Captioned web images:
******************************

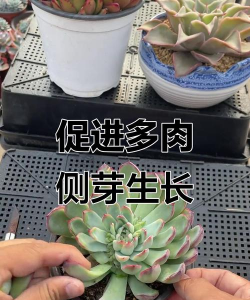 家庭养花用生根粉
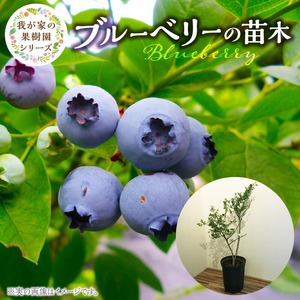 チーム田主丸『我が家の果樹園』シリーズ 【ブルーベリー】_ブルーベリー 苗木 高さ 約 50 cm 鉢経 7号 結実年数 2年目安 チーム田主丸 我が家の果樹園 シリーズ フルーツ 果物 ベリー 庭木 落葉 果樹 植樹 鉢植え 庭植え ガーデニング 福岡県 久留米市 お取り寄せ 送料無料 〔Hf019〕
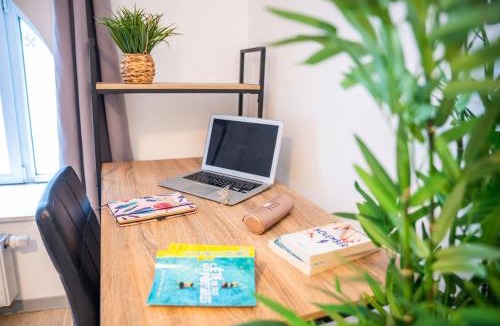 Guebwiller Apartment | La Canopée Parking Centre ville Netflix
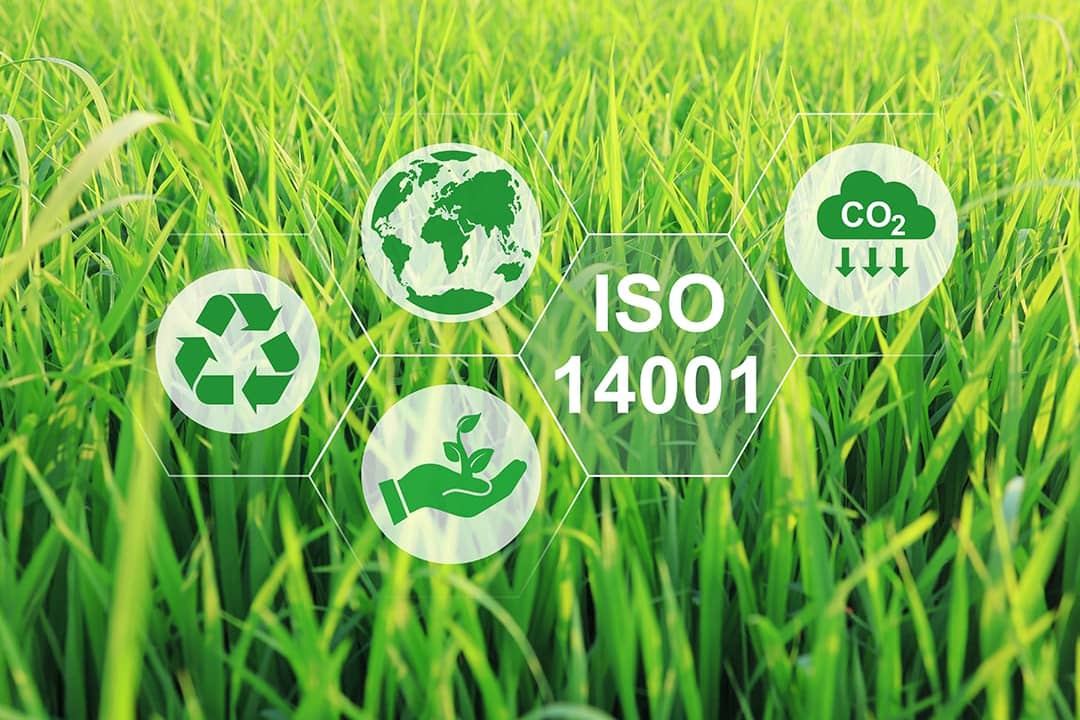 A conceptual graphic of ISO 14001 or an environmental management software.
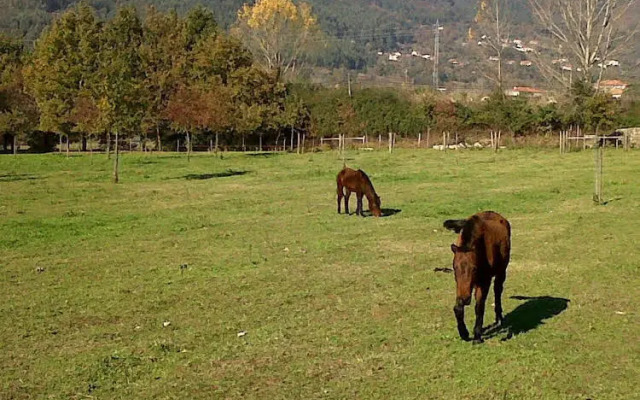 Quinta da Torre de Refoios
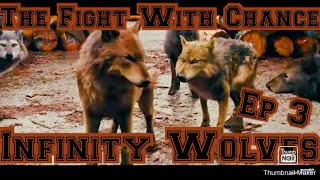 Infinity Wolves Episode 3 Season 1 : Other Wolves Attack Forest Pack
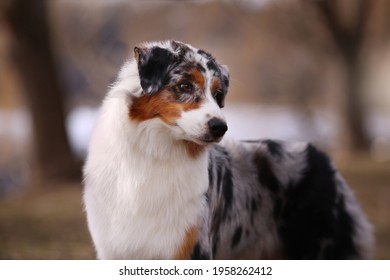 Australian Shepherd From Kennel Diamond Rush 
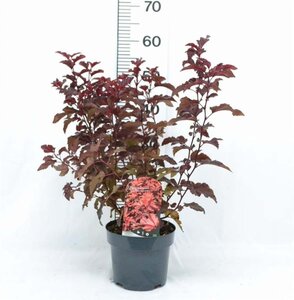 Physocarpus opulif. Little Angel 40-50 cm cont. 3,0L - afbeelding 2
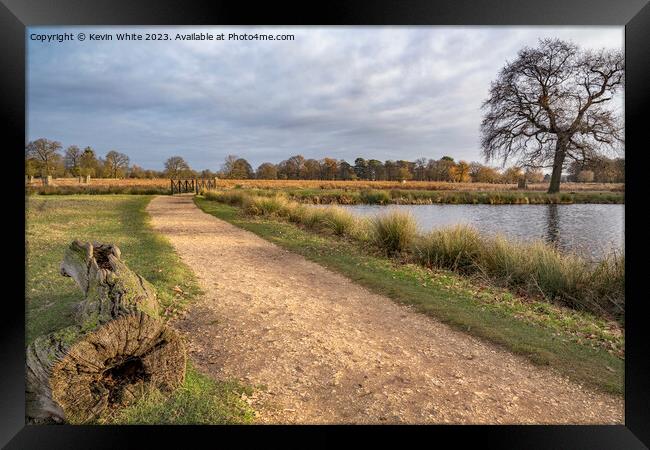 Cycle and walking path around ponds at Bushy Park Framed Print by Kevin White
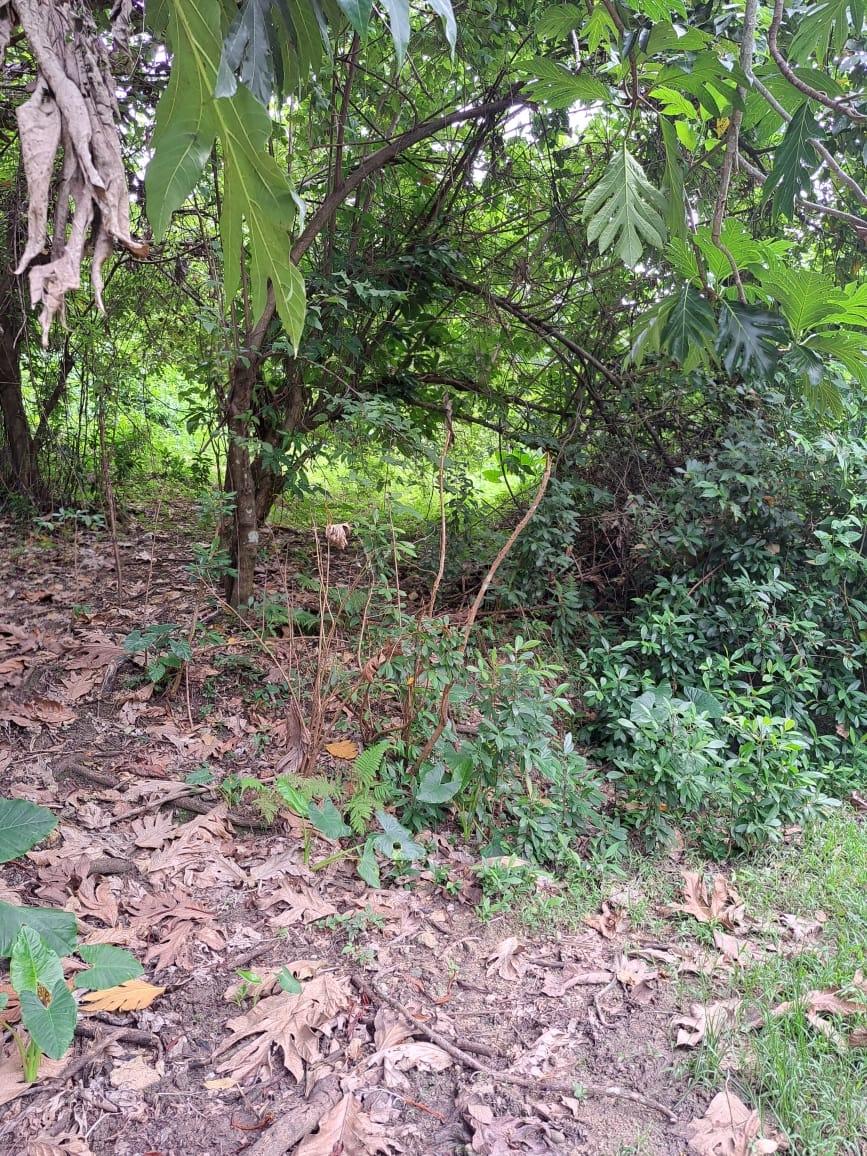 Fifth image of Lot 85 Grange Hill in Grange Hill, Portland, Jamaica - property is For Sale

******************************

What to do:
Output the data above exactly, excluding images.

Output below:
 家庭养花用生根粉
 チーム田主丸『我が家の果樹園』シリーズ 【ブルーベリー】_ブルーベリー 苗木 高さ 約 50 cm 鉢経 7号 結実年数 2年目安 チーム田主丸 我が家の果樹園 シリーズ フルーツ 果物 ベリー 庭木 落葉 果樹 植樹 鉢植え 庭植え ガーデニング 福岡県 久留米市 お取り寄せ 送料無料 〔Hf019〕
 Guebwiller Apartment | La Canopée Parking Centre ville Netflix
 A conceptual graphic of ISO 14001 or an environmental management software.
 Quinta da Torre de Refoios
 Infinity Wolves Episode 3 Season 1 : Other Wolves Attack Forest Pack
 Australian Shepherd From Kennel Diamond Rush 
 Physocarpus opulif. Little Angel 40-50 cm cont. 3,0L - afbeelding 2
 Cycle and walking path around ponds at Bushy Park Framed Print by Kevin White
 Fifth image of Lot 85 Grange Hill in Grange Hill, Portland, Jamaica - property is For Sale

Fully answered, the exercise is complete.